Veja que a preocupação do CNJ é com
o cidadão! Os tribunais devem tomar em consideração a necessidade de prestar
serviços à população local e não em garantir boa rentabilidade para o agente
delegado que exercerá sua titularidade.
Para uma melhor rentabilidade, o
delegatário deve se socorrer de aprovação em melhor classificação em concursos
públicos, e as serventias deficitárias, para um melhor equilíbrio financeiro,
devem ser amparadas pelo poder judiciário com a realização de concursos
públicos, com a implementação de renda mínima e o ressarcimento dos atos
gratuitos.
A interinidade não é um negócio, a
designação de responsável interino para uma serventia declarada vaga deve ser
realizada com foco na melhor prestação do serviço, atendendo ao melhor
interesse público e ao princípio da eficiência da Administração Pública.
Considerando a existência de fundos
financeiros criados nos Estados e vinculados aos Tribunais de Justiça, foi
instituída uma complementação de renda dos registradores de pessoas naturais,
garantindo uma renda mínima para viabilizar a manutenção do serviço à
população.
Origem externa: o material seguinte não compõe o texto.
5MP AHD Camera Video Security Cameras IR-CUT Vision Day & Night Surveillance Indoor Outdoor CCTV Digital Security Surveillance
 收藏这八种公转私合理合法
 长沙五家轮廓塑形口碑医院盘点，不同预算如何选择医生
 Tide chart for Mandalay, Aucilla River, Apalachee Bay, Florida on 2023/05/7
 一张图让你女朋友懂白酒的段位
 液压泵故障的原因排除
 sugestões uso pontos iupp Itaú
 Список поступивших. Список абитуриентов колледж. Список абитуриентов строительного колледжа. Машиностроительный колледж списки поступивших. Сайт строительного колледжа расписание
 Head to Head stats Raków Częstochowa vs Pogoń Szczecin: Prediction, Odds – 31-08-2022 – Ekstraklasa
Nessa linha, vejamos:
EMENTA: PEDIDO DE PROVIDÊNCIAS.
OFÍCIO DE REGISTRO CIVIL DE PESSOAS NATURAIS. TERRITORIALIDADE. SUCURSAL.
IMPOSSIBILIDADE. IMPROCEDÊNCIA.
1. Por força da regra da
territorialidade, uma vez definidos os limites geográficos de competência de
determinada serventia, não cabe ao Conselho Nacional de Justiça autorizar a
instalação de sucursal ou da própria serventia em localidade diversa.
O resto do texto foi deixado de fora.